**Your assignment**
Write the listing below out again in full, dropping its pictures.

**Collected data**
/---

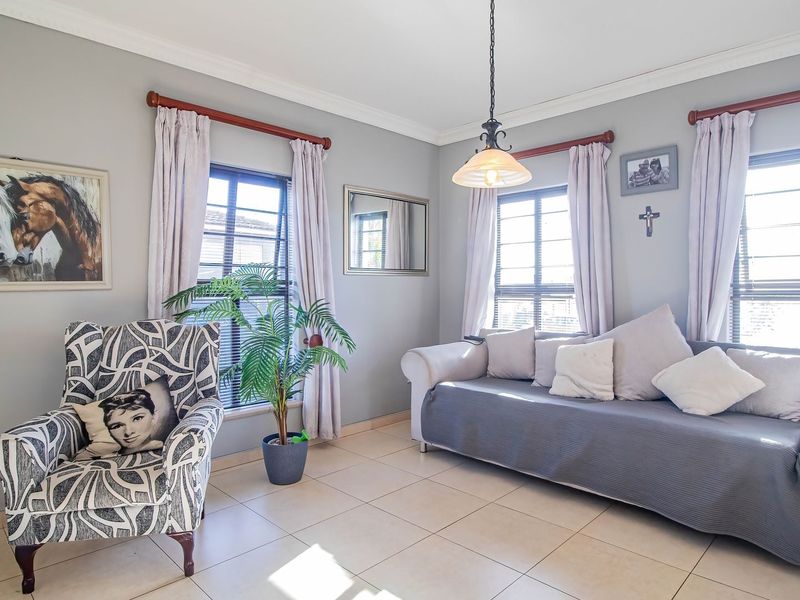 A bright and comfortable living room featuring neutral tiled flooring, crown molding, and large windows that provide ample natural light.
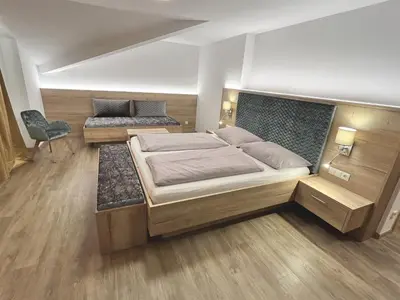 a bedroom with a large bed and a chair at Hotel Sonnenheim in Vipiteno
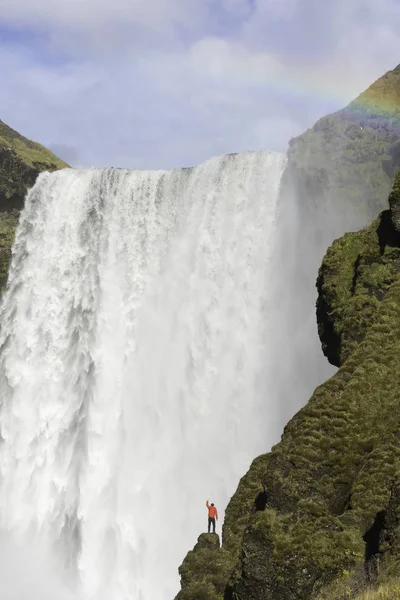 Junger Mann in roter Jacke steht auf einer Klippe mit skogafoss Wasserfall im Hintergrund, Island. — Stockfoto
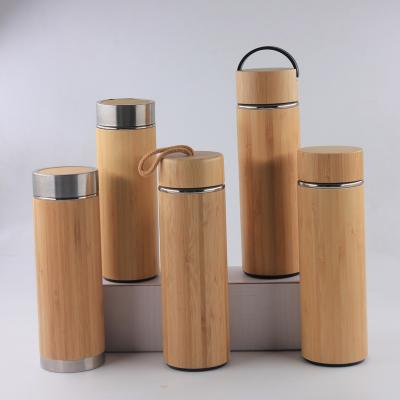 China Sustainable Water Bottle Manufacturers Bamboo Flask 500ml With Portable Lid for sale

\---

**Exercise solution**
 A bright and comfortable living room featuring neutral tiled flooring, crown molding, and large windows that provide ample natural light.
 a bedroom with a large bed and a chair at Hotel Sonnenheim in Vipiteno
 Junger Mann in roter Jacke steht auf einer Klippe mit skogafoss Wasserfall im Hintergrund, Island. — Stockfoto
 China Sustainable Water Bottle Manufacturers Bamboo Flask 500ml With Portable Lid for sale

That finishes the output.